Wednesday, March 19, 2008

Formal Blog Jimmy Corrigan - Anti-hero - By Christopher Walker

Focus should be placed on two of specific images in Jimmy Corrigan - The "stand in car show" Super-Man in the beginning and the successfully suicidal hero the first time Jimmy Corrigan is at work. Both of these seem to represent the fall of the hero -- the fall of chivalry, the fall of the male (in turn the fall of the father figure), the fall of hope, the fall of security, and the fall of childhood. Super-Man is a well known comics and the character has some defining characteristics. Aside from Super Man having super powers, he upholds right and wrong. He symbolizes hope for children, for boys he symbolizes the capacity of manhood, hope for the weak, hope for victims, and he embodies right (in a sense of right and wrong).

In the beginning, Corrigan's mom takes home guy who plays Super-Man. Already, we have the concept of the fallen hero. In these scenes, we see a sleazy "Super-Man" successfully picking up Jimmy's mother. This guy uses the Jimmy as his pick up line and later sneaks out of the house after sleeping with the mother. He's deceived his mother and successfully deceived Jimmy. With how overbearing Jimmy's mother is, one can only imagine what kind of retaliation or projections of a deceitful "Super-Man" Jimmy had to endure, particularly when she finds Jimmy wearing the Super-Man mask. A gender conflict must take place at this point -- Jimmy's mother is raising her son, without contact with the father. Jimmy, through out the novel, is demasculinized by his mother. She treats him like a child -- it's impossible to be a man if you're being projected as a child at age 35.

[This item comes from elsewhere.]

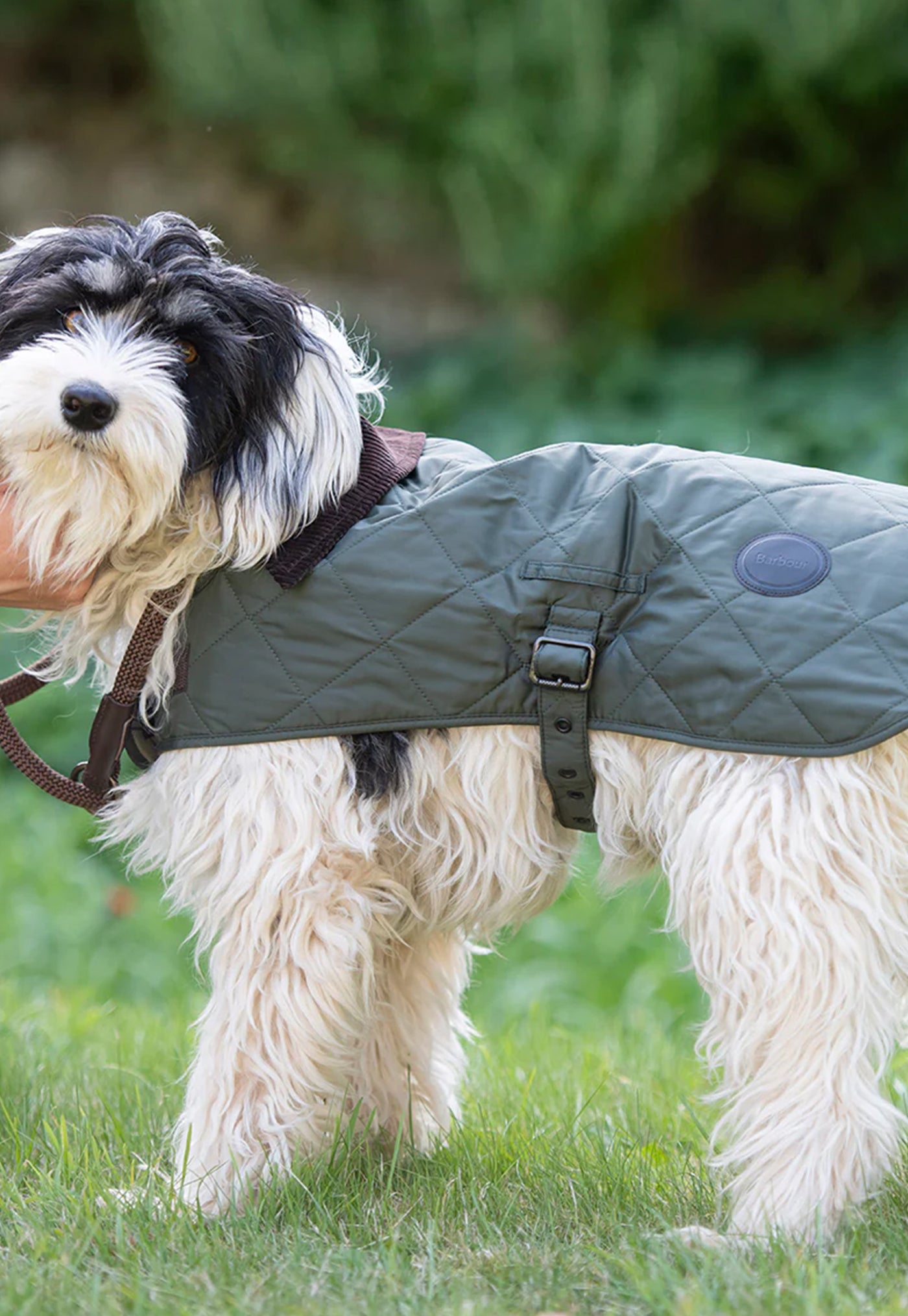Quilted Dog Coat - Olive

Jimmy Corrigan's life is trite. In some ways this could be contributed to the rise of consumer societies. See the movie "Fight Club" a good example of what I'm taking about. Men no longer function as males... or their function has drastically changed within the past hundred years. Men are machines, now, in a corporate cog. Jimmy's mother raising him alone is a sign that it's no longer necessary to have a father figure to raise a child -- almost signifying the obsolescence of men. Which, I think ties into the prevalence of misogyny in the graphic novel. By men longer being the archetype male (ceasing to exist as males), which would includes treating women with respect, women are in turn treated with disrespect. A break down of gender roles (as unfair as they are to women), seems to be fragmenting men and women (at least in the context of this novel).

When "Super-Man" takes a leap, it's a symbol for the realization and a confirmation of Jimmy's failure to be a man -- it's the fall of childhood. The fall of the father figure: Through out the entire graphic novel, each male in Jimmy's lineage fails to raise their son; resulting in passive males (the fall of the capacity of manhood). With the leap of suicide of "Super-Man", begins the novel. However, Jimmy is a neutral figure -- far too passive to do anything, so he doesn't. The only interesting point in the novel is what's going to happen after the end, when he meets that girl.

1 comment:

Adam Johns said...

You'll probably be interested to know that I have, in the past, taught Jimmy Corrigan after Don Quixote, which is the definitive account of the end of heroism and chivalry, and the beginning of the modern novel. It performs on the superhero comic the same kind of complex, nostalgic evisceration that Don Quixote performs on the chivalric romance.

I'm very interested in your analysis of gender in the book; this is a good explanation of the role of misogyny throughout, although it's also worth noting that Jimmy's grandfather was raised without a _mother_. Hopefully we'll get a chance to connect this material to Jimmy's fantasy about building a cabin in the post-apocalyptic wilderness with Amy at his side.

It's interesting that, for someone who hates Haraway, you're focusing on the feminized workforce which fascinates her so much.

Ideally, I would have liked more of an analysis of the details of images here, as well as of plotline; take, for instance, the fact that the suicidal superman is both utterly dwarfed by the building, yet stands out in vivid contrast to it: romanticism in a nutshell.